Writing Workflows

Overview

Teaching: 10 min
Exercises: 0 min
Questions
  • How do I connect tools together into a workflow?

Objectives
  • Learn how to construct workflows from multiple CWL tool descriptions.

This workflow extracts a java source file from a tar file and then compiles it.

1st-workflow.cwl

#!/usr/bin/env cwl-runner

cwlVersion: v1.0
class: Workflow
inputs:
  inp: File
  ex: string

outputs:
  classout:
    type: File
    outputSource: compile/classfile

steps:
  untar:
    run: tar-param.cwl
    in:
      tarfile: inp
      extractfile: ex
    out: [example_out]

  compile:
    run: arguments.cwl
    in:
      src: untar/example_out
    out: [classfile]

Use a JSON object in a separate file to describe the input of a run:

1st-workflow-job.yml

inp:
  class: File
  path: hello.tar
ex: Hello.java

Now invoke cwl-runner with the tool wrapper and the input object on the command line:

$ echo "public class Hello {}" > Hello.java && tar -cvf hello.tar Hello.java
$ cwl-runner 1st-workflow.cwl 1st-workflow-job.yml
[job untar] /tmp/tmp94qFiM$ tar xf /home/example/hello.tar Hello.java
[step untar] completion status is success
[job compile] /tmp/tmpu1iaKL$ docker run -i --volume=/tmp/tmp94qFiM/Hello.java:/var/lib/cwl/job301600808_tmp94qFiM/Hello.java:ro --volume=/tmp/tmpu1iaKL:/var/spool/cwl:rw --volume=/tmp/tmpfZnNdR:/tmp:rw --workdir=/var/spool/cwl --read-only=true --net=none --user=1001 --rm --env=TMPDIR=/tmp java:7 javac -d /var/spool/cwl /var/lib/cwl/job301600808_tmp94qFiM/Hello.java
[step compile] completion status is success
[workflow 1st-workflow.cwl] outdir is /home/example
Final process status is success
{
  "classout": {
    "location": "/home/example/Hello.class",
    "checksum": "sha1$e68df795c0686e9aa1a1195536bd900f5f417b18",
    "class": "File",
    "size": 416
  }
}

What’s going on here? Let’s break it down:

cwlVersion: v1.0
class: Workflow

The cwlVersion field indicates the version of the CWL spec used by the document. The class field indicates this document describes a workflow.

inputs:
  inp: File
  ex: string

The inputs section describes the inputs of the workflow. This is a list of input parameters where each parameter consists of an identifier and a data type. These parameters can be used as sources for input to specific workflows steps.

outputs:
  classout:
    type: File
    outputSource: compile/classfile

The outputs section describes the outputs of the workflow. This is a list of output parameters where each parameter consists of an identifier and a data type. The outputSource connects the output parameter classfile of the compile step to the workflow output parameter classout.

steps:
  untar:
    run: tar-param.cwl
    in:
      tarfile: inp
      extractfile: ex
    outputs: [example_out]

The steps section describes the actual steps of the workflow. In this example, the first step extracts a file from a tar file, and the second step compiles the file from the first step using the java compiler. Workflow steps are not necessarily run in the order they are listed, instead the order is determined by the dependencies between steps (using source). In addition, workflow steps which do not depend on one another may run in parallel.

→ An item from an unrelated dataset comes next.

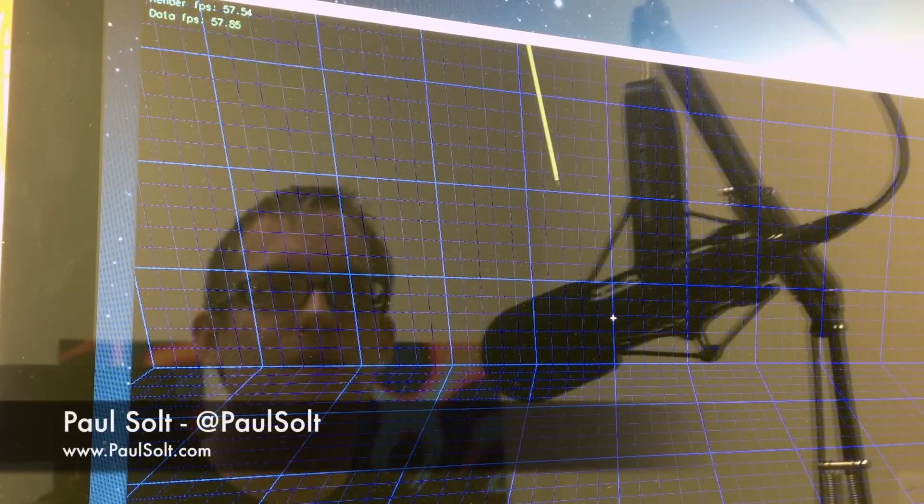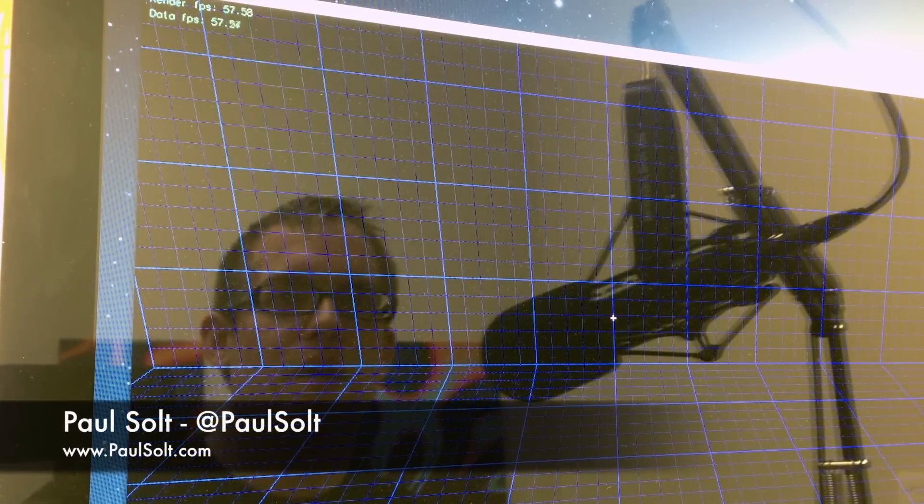So thanks for watching, check out my other videos on Leap and I'll catch you later.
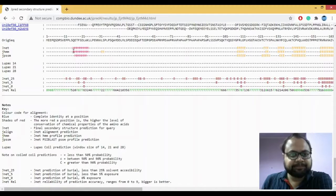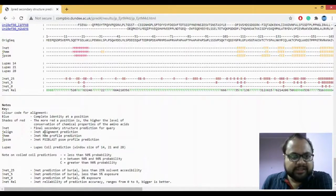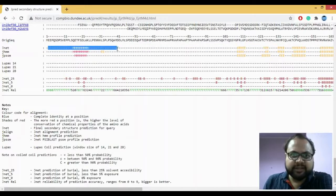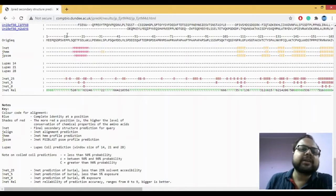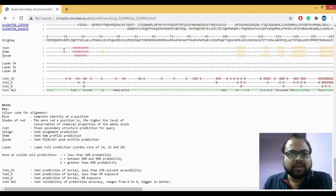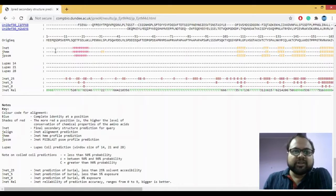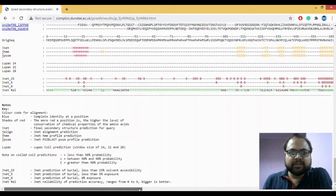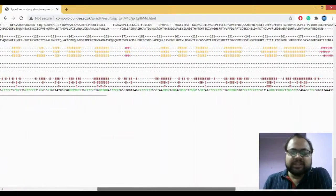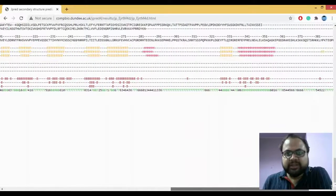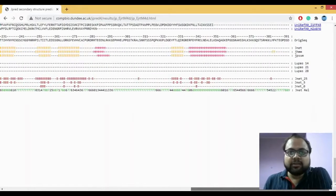The JNet row here is your final secondary structure prediction. A dash here stands for coils. The H in magenta stands for helices, and E stands for beta sheets. So: dash is coil, H is helix, and E is beta sheet. The JNet gives you the overall view of how your final secondary structure prediction is going to look.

The first step, untar runs tar-param.cwl (described previously in Parameter references). This tool has two input parameters, tarfile and extractfile and one output parameter example_out.

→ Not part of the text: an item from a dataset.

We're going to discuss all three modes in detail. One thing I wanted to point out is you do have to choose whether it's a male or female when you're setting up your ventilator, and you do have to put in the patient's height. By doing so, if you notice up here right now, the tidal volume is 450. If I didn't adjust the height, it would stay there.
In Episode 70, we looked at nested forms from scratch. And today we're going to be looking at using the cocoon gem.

The inputs section of the workflow step connects these two input parameters to the inputs of the workflow, inp and ex using source. This means that when the workflow step is executed, the values assigned to inp and ex will be used for the parameters tarfile and extractfile in order to run the tool.

The outputs section of the workflow step lists the output parameters that are expected from the tool.

  compile:
    run: arguments.cwl
    in:
      src: untar/example_out
    outputs: [classfile]

The second step compile depends on the results from the first step by connecting the input parameter src to the output parameter of untar using untar/example_out. The output of this step classfile is connected to the outputs section for the Workflow, described above.

Key Points

  • Each step in a workflow must have its own CWL description.

  • Top level inputs and outputs of the workflow are described in the inputs and outputs fields respectively.

  • The steps are specified under steps.

  • Execution order is determined by the flow of inputs and outputs between steps.